The bodies were buried in a hole shielded from a busy highway by two sky-blue barns and a barbed wire-topped cinder block wall. Abandoned cars riddled with bullet holes were found nearby.
Investigators believe that at least three of the victims were men over age 50, all of whom were wearing blue jeans. Two had on cowboy boots; the third wore sneakers. Authorities said they could have been killed and tossed into the grave as long as five years ago.
Mexican and U.S. officials said they believe the victims were killed by the Juarez cartel, Mexico's dominant drug mafia, but human rights organizations and relatives representing nearly 200 people who have disappeared from Ciudad Juarez and neighboring El Paso, Tex., in the past five years allege that corrupt Mexican police and soldiers were involved.
Authorities today allowed reporters, who have besieged this violence-prone city since the excavations became public on Monday, to tour Rancho de la Campana for the first time since the remains were found.

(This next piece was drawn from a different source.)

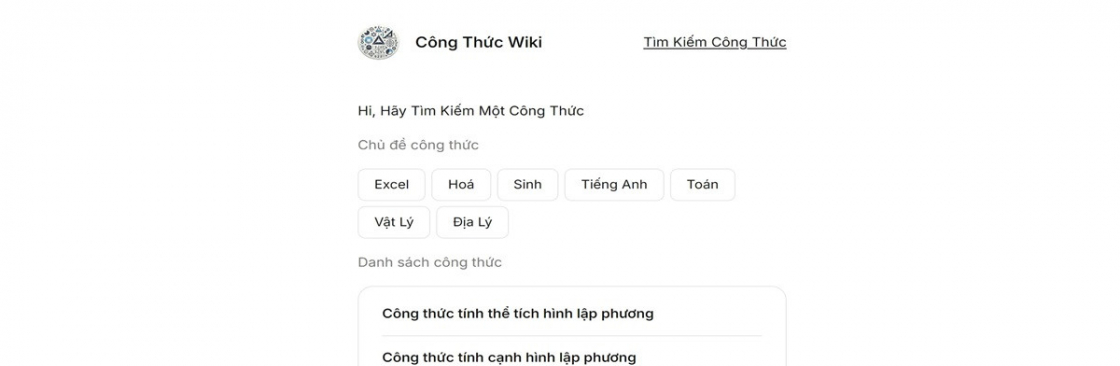 Công Thức Wiki Hi Hãy Tìm Kiếm Một Công Thức Cover Image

Although FBI officials estimated as many as 100 bodies could be found on this ranch and three other locations near Ciudad Juarez, Director Louis J. Freeh said a source led agents "exactly to the site where the six remains were located." Freeh would not speculate on whether more bodies would be found. No bodies have been found in the past two days.
Top U.S. and Mexican law enforcement officials held a news conference under a wind-battered tent on the ranch today to defend their highly publicized investigation and to attempt to blunt mounting criticism by Mexican politicians and news media of U.S. involvement in the criminal probe.
"I'm not selling out my country!" Madrazo shouted into his microphone in response to a question from a Mexican television reporter. "Cooperation does not harm sovereignty. What hurts it is drug trafficking. . . . I am not going to leave any corner of this country to the sovereignty of drug traffickers."
Freeh told reporters that the FBI "will work as hard as we can and as long as we have to" to complete the investigation. He said information about the locations of possible graves had been received by the Mexican and U.S. governments and "comes from more than one source, in fact, several sources."
But Freeh said that the ongoing excavations were largely the result of information from a source who only recently came forward with data that was "very well corroborated." Other FBI officials have said the source was a former Mexican police official who claimed to have witnessed the burials.
Families of missing Mexican and U.S. citizens have consistently criticized both governments for failing to aggressively investigate the disappearances.